Once you have read the listing, write it all out exactly.

[[ DATA PROVIDED, beginning ]]

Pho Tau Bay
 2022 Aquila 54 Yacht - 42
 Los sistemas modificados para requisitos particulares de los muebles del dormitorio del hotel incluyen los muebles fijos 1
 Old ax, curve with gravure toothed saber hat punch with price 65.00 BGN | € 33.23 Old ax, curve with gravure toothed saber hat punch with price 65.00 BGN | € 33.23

[[ DATA PROVIDED, end ]]

● EXERCISE SOLUTION
Pho Tau Bay
 2022 Aquila 54 Yacht - 42
 Los sistemas modificados para requisitos particulares de los muebles del dormitorio del hotel incluyen los muebles fijos 1
 Old ax, curve with gravure toothed saber hat punch with price 65.00 BGN | € 33.23 Old ax, curve with gravure toothed saber hat punch with price 65.00 BGN | € 33.23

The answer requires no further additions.